++++ Task material
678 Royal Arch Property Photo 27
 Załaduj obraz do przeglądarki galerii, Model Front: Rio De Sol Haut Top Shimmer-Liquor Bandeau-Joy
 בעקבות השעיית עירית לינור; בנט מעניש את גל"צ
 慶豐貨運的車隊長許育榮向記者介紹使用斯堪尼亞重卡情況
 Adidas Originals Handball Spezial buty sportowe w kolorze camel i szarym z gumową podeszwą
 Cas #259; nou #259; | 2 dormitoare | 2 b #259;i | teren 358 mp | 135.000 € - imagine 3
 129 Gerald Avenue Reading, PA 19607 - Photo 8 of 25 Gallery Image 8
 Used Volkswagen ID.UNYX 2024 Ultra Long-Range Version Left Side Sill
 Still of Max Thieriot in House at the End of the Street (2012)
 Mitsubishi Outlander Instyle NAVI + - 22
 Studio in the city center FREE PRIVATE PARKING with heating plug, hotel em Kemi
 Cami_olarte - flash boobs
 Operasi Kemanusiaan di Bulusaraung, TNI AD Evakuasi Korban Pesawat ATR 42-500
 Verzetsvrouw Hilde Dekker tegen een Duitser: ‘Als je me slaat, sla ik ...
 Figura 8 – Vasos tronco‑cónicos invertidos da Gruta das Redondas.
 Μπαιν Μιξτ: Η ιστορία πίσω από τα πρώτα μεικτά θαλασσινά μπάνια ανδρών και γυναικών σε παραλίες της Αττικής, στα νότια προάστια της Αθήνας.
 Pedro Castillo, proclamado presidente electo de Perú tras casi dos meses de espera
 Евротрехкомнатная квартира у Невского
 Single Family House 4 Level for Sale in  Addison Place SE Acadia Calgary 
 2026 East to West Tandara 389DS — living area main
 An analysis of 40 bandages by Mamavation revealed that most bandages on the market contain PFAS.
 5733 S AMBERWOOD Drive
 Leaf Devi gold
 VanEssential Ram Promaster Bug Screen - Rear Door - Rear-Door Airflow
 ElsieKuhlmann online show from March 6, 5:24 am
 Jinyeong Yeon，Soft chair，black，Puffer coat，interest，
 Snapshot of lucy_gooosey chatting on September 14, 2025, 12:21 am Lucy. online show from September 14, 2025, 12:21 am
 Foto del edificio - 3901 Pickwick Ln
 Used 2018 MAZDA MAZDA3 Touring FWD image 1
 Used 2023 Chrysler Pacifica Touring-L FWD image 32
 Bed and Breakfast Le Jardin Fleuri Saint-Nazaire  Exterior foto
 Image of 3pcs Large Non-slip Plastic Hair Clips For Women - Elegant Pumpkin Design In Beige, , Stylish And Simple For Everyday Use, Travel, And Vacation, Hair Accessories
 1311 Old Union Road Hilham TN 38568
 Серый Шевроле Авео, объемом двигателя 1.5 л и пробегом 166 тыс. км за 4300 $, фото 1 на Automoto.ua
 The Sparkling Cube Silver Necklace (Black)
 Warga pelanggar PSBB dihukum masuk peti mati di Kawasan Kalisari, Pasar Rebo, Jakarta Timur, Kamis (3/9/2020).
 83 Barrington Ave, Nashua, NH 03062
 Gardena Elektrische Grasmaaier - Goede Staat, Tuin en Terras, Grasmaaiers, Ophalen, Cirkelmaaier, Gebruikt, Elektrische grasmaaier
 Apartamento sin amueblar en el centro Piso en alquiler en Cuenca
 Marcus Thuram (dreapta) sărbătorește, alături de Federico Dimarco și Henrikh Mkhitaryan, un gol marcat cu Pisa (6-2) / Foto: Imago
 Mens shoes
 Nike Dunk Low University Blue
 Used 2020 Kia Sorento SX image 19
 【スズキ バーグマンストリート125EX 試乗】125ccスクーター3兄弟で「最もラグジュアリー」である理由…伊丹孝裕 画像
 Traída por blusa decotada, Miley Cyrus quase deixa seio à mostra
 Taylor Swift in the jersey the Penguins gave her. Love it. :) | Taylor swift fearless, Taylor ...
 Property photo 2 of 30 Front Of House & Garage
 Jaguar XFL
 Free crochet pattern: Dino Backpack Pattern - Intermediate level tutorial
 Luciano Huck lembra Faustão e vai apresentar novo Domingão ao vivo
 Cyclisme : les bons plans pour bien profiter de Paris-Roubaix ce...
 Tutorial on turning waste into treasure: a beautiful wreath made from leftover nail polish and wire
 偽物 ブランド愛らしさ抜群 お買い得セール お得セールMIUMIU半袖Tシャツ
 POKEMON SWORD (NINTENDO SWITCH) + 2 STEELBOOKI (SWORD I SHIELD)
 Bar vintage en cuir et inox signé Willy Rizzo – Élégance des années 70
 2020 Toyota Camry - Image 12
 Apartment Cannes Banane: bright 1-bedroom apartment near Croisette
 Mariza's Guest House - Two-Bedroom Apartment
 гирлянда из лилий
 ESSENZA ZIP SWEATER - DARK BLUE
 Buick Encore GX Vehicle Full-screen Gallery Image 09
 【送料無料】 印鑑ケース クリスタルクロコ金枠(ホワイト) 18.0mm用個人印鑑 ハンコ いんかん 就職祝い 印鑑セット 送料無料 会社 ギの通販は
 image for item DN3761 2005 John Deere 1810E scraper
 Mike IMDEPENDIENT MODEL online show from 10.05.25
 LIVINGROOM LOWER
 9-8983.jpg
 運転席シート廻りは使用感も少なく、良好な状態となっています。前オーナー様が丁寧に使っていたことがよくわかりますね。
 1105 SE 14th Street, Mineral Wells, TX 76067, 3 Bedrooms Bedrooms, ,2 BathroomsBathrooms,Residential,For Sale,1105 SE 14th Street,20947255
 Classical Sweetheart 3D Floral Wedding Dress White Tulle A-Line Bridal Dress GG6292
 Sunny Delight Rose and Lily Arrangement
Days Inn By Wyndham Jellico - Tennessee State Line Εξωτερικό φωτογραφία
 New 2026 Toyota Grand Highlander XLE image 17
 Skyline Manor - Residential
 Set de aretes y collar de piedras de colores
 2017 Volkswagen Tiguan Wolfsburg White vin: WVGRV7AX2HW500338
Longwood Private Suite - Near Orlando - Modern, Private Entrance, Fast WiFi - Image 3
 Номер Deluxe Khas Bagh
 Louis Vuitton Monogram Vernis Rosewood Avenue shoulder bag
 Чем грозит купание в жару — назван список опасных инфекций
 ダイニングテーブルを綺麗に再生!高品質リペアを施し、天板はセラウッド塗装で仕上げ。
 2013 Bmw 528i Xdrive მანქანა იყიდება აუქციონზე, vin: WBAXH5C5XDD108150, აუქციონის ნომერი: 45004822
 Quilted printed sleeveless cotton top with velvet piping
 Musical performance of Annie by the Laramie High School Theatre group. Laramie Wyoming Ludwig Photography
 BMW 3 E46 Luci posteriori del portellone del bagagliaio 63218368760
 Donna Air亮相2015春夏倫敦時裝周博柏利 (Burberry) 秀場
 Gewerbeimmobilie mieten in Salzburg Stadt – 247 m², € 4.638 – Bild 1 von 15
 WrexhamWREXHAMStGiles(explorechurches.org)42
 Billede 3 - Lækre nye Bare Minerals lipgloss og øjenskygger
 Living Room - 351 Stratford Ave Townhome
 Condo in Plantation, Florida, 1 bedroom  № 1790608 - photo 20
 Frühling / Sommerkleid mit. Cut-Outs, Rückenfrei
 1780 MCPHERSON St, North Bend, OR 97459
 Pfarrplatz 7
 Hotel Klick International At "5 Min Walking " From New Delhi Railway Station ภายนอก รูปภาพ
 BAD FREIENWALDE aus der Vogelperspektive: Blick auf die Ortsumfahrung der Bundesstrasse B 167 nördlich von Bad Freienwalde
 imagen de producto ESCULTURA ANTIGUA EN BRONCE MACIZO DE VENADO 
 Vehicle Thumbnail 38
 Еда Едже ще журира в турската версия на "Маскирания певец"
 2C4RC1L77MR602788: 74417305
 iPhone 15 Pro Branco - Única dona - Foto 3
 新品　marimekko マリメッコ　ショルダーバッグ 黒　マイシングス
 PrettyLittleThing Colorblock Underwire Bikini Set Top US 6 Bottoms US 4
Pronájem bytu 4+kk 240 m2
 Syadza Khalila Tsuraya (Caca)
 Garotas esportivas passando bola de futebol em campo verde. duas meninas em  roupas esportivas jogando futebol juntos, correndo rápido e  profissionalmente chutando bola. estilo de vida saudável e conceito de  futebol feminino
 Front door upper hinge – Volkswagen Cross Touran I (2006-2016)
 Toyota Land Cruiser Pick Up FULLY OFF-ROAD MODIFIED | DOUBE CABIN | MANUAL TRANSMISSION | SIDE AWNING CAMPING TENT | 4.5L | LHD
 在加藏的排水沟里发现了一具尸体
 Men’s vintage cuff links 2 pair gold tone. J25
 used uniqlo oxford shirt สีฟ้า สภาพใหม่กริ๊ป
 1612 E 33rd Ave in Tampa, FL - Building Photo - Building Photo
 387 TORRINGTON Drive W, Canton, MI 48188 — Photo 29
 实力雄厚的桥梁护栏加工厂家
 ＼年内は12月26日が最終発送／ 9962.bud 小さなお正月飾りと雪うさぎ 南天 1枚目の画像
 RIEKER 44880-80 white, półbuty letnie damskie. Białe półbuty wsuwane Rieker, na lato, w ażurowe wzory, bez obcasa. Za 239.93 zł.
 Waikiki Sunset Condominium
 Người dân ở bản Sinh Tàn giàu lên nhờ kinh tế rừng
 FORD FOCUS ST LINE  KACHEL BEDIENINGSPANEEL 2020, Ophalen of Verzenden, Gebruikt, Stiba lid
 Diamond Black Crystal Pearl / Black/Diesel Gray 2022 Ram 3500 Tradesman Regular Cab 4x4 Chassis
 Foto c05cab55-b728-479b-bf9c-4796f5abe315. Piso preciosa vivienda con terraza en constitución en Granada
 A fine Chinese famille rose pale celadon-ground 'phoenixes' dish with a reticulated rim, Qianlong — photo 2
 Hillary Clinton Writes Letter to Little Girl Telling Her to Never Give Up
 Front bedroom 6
++++++++
> [Exercise description] Find where the line with "Image of 3pcs" sits in the material above, then copy exactly from it through the line with "運転席シート廻りは使用感も少". Add no other line.

> [Exercise answer]
 Image of 3pcs Large Non-slip Plastic Hair Clips For Women - Elegant Pumpkin Design In Beige, , Stylish And Simple For Everyday Use, Travel, And Vacation, Hair Accessories
 1311 Old Union Road Hilham TN 38568
 Серый Шевроле Авео, объемом двигателя 1.5 л и пробегом 166 тыс. км за 4300 $, фото 1 на Automoto.ua
 The Sparkling Cube Silver Necklace (Black)
 Warga pelanggar PSBB dihukum masuk peti mati di Kawasan Kalisari, Pasar Rebo, Jakarta Timur, Kamis (3/9/2020).
 83 Barrington Ave, Nashua, NH 03062
 Gardena Elektrische Grasmaaier - Goede Staat, Tuin en Terras, Grasmaaiers, Ophalen, Cirkelmaaier, Gebruikt, Elektrische grasmaaier
 Apartamento sin amueblar en el centro Piso en alquiler en Cuenca
 Marcus Thuram (dreapta) sărbătorește, alături de Federico Dimarco și Henrikh Mkhitaryan, un gol marcat cu Pisa (6-2) / Foto: Imago
 Mens shoes
 Nike Dunk Low University Blue
 Used 2020 Kia Sorento SX image 19
 【スズキ バーグマンストリート125EX 試乗】125ccスクーター3兄弟で「最もラグジュアリー」である理由…伊丹孝裕 画像
 Traída por blusa decotada, Miley Cyrus quase deixa seio à mostra
 Taylor Swift in the jersey the Penguins gave her. Love it. :) | Taylor swift fearless, Taylor ...
 Property photo 2 of 30 Front Of House & Garage
 Jaguar XFL
 Free crochet pattern: Dino Backpack Pattern - Intermediate level tutorial
 Luciano Huck lembra Faustão e vai apresentar novo Domingão ao vivo
 Cyclisme : les bons plans pour bien profiter de Paris-Roubaix ce...
 Tutorial on turning waste into treasure: a beautiful wreath made from leftover nail polish and wire
 偽物 ブランド愛らしさ抜群 お買い得セール お得セールMIUMIU半袖Tシャツ
 POKEMON SWORD (NINTENDO SWITCH) + 2 STEELBOOKI (SWORD I SHIELD)
 Bar vintage en cuir et inox signé Willy Rizzo – Élégance des années 70
 2020 Toyota Camry - Image 12
 Apartment Cannes Banane: bright 1-bedroom apartment near Croisette
 Mariza's Guest House - Two-Bedroom Apartment
 гирлянда из лилий
 ESSENZA ZIP SWEATER - DARK BLUE
 Buick Encore GX Vehicle Full-screen Gallery Image 09
 【送料無料】 印鑑ケース クリスタルクロコ金枠(ホワイト) 18.0mm用個人印鑑 ハンコ いんかん 就職祝い 印鑑セット 送料無料 会社 ギの通販は
 image for item DN3761 2005 John Deere 1810E scraper
 Mike IMDEPENDIENT MODEL online show from 10.05.25
 LIVINGROOM LOWER
 9-8983.jpg
 運転席シート廻りは使用感も少なく、良好な状態となっています。前オーナー様が丁寧に使っていたことがよくわかりますね。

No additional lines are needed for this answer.